The core game loop is fundamental to creating an engaging mobile title. It is critical to a well-designed game and, ultimately, a successful business. During this post, we’ll look at core game loops in different genres and how you can evolve and layer game loops can improve your player engagement and monetization.
Here are some questions you have to keep in mind throughout this post!
What is a game loop?
The core game loop is a set of actions that a player will be doing over and over again. Remember, it is critical to do so when designing mobile game core loops with player motivations in mind. A good core loop can be the making or breaking of your game. Consider this the structure or even engine system that underpins your game design.
Study case: Match 3 games motivation
For match-3 games, the core game loop is starting a new level, achieving the points or goals of that level, and then continuing to the next one. In many match-3 games, the complexity of levels increases as the game goes on. The fun in the core loop satisfies the Challenge motivator and is built off the anticipation of the puzzle completion. Will they be able to beat the level?
Considerable attention is paid to level design and curation of the distribution of difficulty to ensure that players enter and stay in the state of flow. If the player constantly loses, they likely will feel discouraged and not want to continue playing. Players who always win on the first try may not feel challenged. But if they can win and lose (even occasionally), the excitement persists, driving continual player engagement.
The importance of layering on top of your core loop
The core loop is just the beginning. Once you have created a fun and engaging core gameplay loop, many successful mobile developers employ multiple loops that can provide additional complexity to your mobile game. New, layered loops you create can help serve different motivations for players throughout their lifecycles.

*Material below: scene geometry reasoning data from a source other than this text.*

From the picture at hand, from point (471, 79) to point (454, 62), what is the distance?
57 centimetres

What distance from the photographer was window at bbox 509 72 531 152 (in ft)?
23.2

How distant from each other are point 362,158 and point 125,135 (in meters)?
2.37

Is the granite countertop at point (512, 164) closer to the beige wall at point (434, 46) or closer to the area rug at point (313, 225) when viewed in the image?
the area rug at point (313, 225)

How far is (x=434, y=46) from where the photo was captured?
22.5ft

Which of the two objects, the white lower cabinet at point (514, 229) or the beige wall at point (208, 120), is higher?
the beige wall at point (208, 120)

Thus far, we’ve discussed the foundational core game loop; this is only the beginning.
Developers frequently create features to drive continual interaction with the core game loop. The features provide goals to motivate users to master the core game loop. Most commonly, these include features like daily quest systems or an achievement system.

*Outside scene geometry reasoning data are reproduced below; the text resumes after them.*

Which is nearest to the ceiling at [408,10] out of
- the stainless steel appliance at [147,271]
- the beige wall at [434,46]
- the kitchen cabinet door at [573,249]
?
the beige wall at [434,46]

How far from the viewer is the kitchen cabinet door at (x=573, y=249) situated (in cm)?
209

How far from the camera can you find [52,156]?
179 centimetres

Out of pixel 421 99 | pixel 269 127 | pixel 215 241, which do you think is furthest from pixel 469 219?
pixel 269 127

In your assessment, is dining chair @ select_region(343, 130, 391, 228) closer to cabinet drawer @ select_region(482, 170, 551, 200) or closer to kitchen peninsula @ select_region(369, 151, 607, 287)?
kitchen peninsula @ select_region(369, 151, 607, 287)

Meta loops most commonly come after the user has mastered the core game loop and are often referred to as the late- or end-game. This loop focuses on driving long-term goal formation for players. , this loop will usually serve your most highly skilled or highly engaged players.

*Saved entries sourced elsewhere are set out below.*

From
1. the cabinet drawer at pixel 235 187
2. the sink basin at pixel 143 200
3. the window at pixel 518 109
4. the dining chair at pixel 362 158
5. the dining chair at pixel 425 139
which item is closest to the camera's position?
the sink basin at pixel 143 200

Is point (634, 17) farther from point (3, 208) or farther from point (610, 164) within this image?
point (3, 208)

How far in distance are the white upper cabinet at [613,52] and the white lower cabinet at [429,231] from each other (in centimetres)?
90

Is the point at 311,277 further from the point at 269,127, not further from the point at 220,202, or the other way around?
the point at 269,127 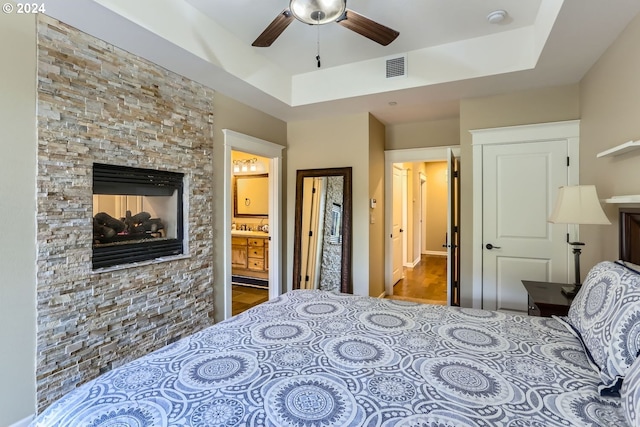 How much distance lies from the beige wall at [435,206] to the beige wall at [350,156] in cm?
506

Another loop that might be introduced is a social loop. For example, many genres include a team, clan, guild system, and maybe even a chat system as a minimum requirement. Social loops and features help drive user engagement and loyalty as all members or friends work towards the same goal.
Acquisition loops also drive virality to acquire new and existing users or reactivate lapsed users.
For instance, guild versus guild (GvG) loops are competitions in 4X-style games that form massive battles that can extend across entire servers.
eSports loops are becoming popular in competitive games where players watch adept players compete at the highest levels and learn new tactics they can deploy in their gameplay.
Ultimately, you will have the best insight into the types of loops that will make sense for your game. Remember to consider your player lifecycle maps to help understand which loops fit best with your feature roadmap, game balance, and content strategy throughout your player’s lifecycle.